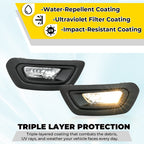 For Ford Transit 2020-2025 Left & Right Fog Lights W/Bezels Covers+Bulbs+Wiring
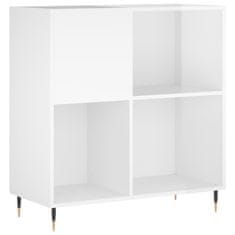 Vidaxl Omarica za gramofonske plošče sijaj bela 84,5x38x89 cm inž. les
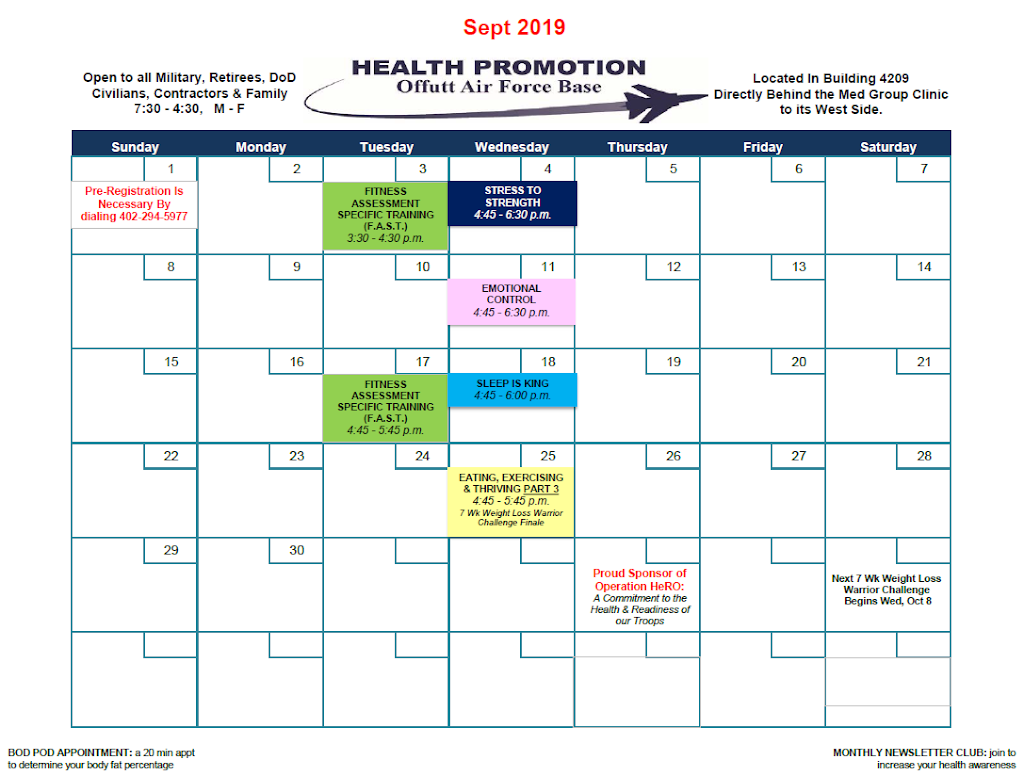 Offutt Health Promotion | 2501 Capehart Rd, Bellevue, NE 68123, USA | Phone: (402) 294-5977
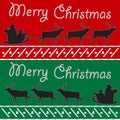 Merry Christmas post card with Santa and deers silhouette red green Background Royalty Free Stock Photo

### [Prompt]
Copy exactly, and copy nothing else: the lines from the one containing "Vidaxl Omarica za" through the end of the data, both ends included, with pictures left out.

### [Solved exercise]
 Vidaxl Omarica za gramofonske plošče sijaj bela 84,5x38x89 cm inž. les
 Offutt Health Promotion | 2501 Capehart Rd, Bellevue, NE 68123, USA | Phone: (402) 294-5977
 Merry Christmas post card with Santa and deers silhouette red green Background Royalty Free Stock Photo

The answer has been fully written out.